Decompress input file to /tmp with 7zz, send files to coordinator

Source code in strelka/src/python/strelka/scanners/scan_seven_zip.py
def extract_7zip(
    self, data, tmp_dir, scanner_timeout, expire_at, file_limit, password=""
):
    """Decompress input file to /tmp with 7zz, send files to coordinator"""

    # Check if 7zip package is installed
    if not shutil.which("7zz"):
        self.flags.append("7zip_not_installed_error")
        return

    with tempfile.NamedTemporaryFile(dir=tmp_dir, mode="wb") as tmp_data:
        tmp_data.write(data)
        tmp_data.flush()
        tmp_data.seek(0)

        if not tmp_data:
            self.flags.append("7zip_tmp_error")
            return

        with tempfile.TemporaryDirectory() as tmp_extract:
            if password:
                (stdout, stderr) = subprocess.Popen(
                    [
                        "7zz",
                        "x",
                        tmp_data.name,
                        f"-o{tmp_extract}",
                        f"-p{password}",
                    ],
                    stdout=subprocess.PIPE,
                    stderr=subprocess.PIPE,
                ).communicate(timeout=scanner_timeout)
            else:
                (stdout, stderr) = subprocess.Popen(
                    ["7zz", "x", tmp_data.name, f"-o{tmp_extract}"],
                    stdout=subprocess.PIPE,
                    stderr=subprocess.PIPE,
                ).communicate(timeout=scanner_timeout)

            def get_all_items(root, exclude=None):
                """Iterates through filesystem paths"""
                if exclude is None:
                    exclude = []
                for item in root.iterdir():
                    if item.name in exclude:
                        continue
                    yield item
                    if item.is_dir():
                        yield from get_all_items(item)
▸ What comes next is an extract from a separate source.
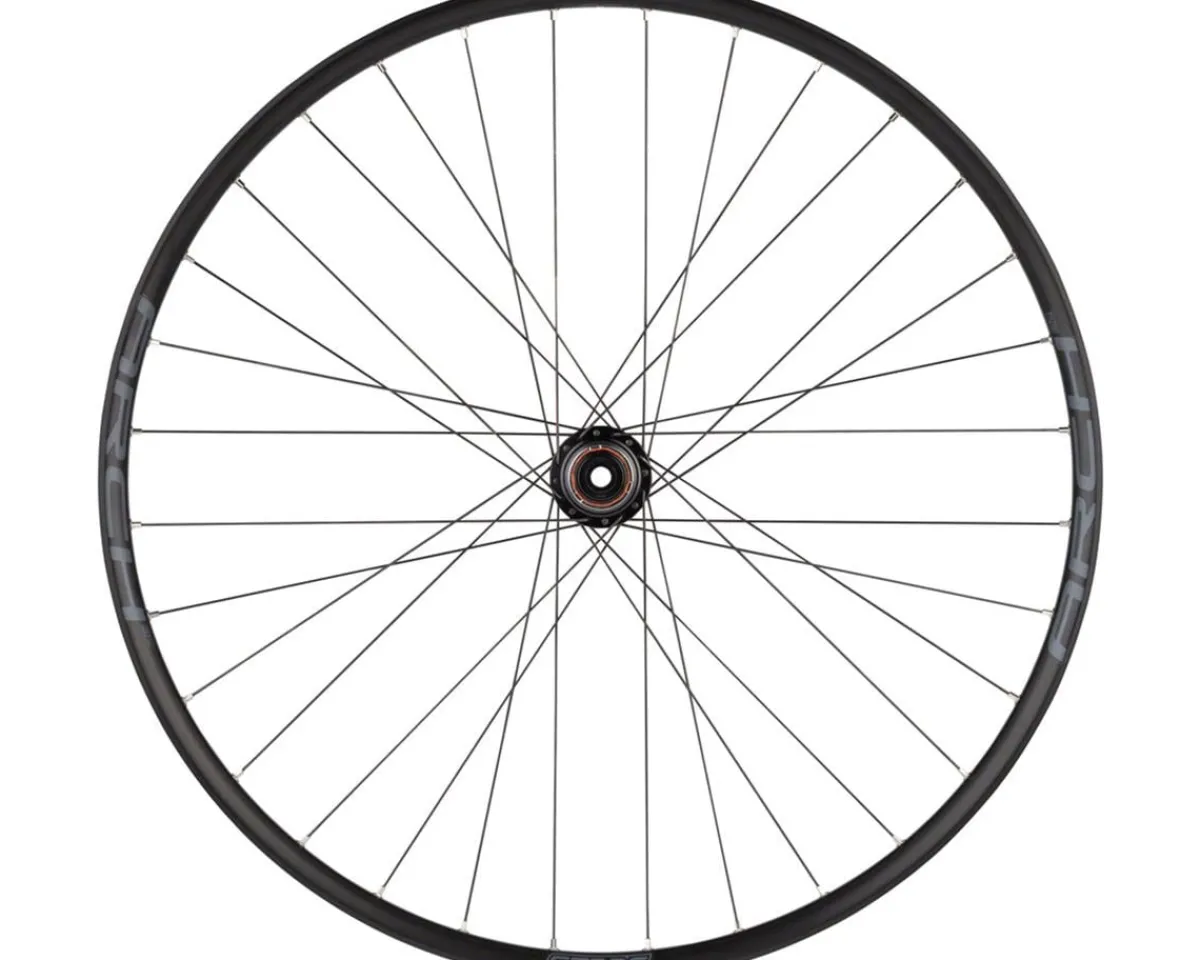 Stan's Wheels & Parts|Arch S2 Rear Wheel (Black) (SRAM XD) (12 x 142mm) (27.5") (6-Bolt) (Tubeless)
            # Iterate over extracted files, except excluded paths
            for name in get_all_items(
                pathlib.Path(tmp_extract), self.EXCLUDED_ROOT_DIRS
            ):
                if not name.is_file():
                    continue

                if self.event["total"]["extracted"] >= file_limit:
                    self.flags.append("file_limit_error")
                    break

                relname = os.path.relpath(name, tmp_extract)
                with open(name, "rb") as extracted_file:
                    # Send extracted file back to Strelka
                    self.emit_file(extracted_file.read(), name=relname)

                self.event["total"]["extracted"] += 1

        if password:
            (stdout, stderr) = subprocess.Popen(
                ["7zz", "l", tmp_data.name, f"-p{password}"],
                stdout=subprocess.PIPE,
                stderr=subprocess.PIPE,
            ).communicate(timeout=scanner_timeout)
        else:
            (stdout, stderr) = subprocess.Popen(
                ["7zz", "l", tmp_data.name],
                stdout=subprocess.PIPE,
                stderr=subprocess.PIPE,
            ).communicate(timeout=scanner_timeout)
        self.parse_7zip_stdout(stdout.decode("utf-8"), file_limit)

parse_7zip_stdout(output_7zip, file_limit)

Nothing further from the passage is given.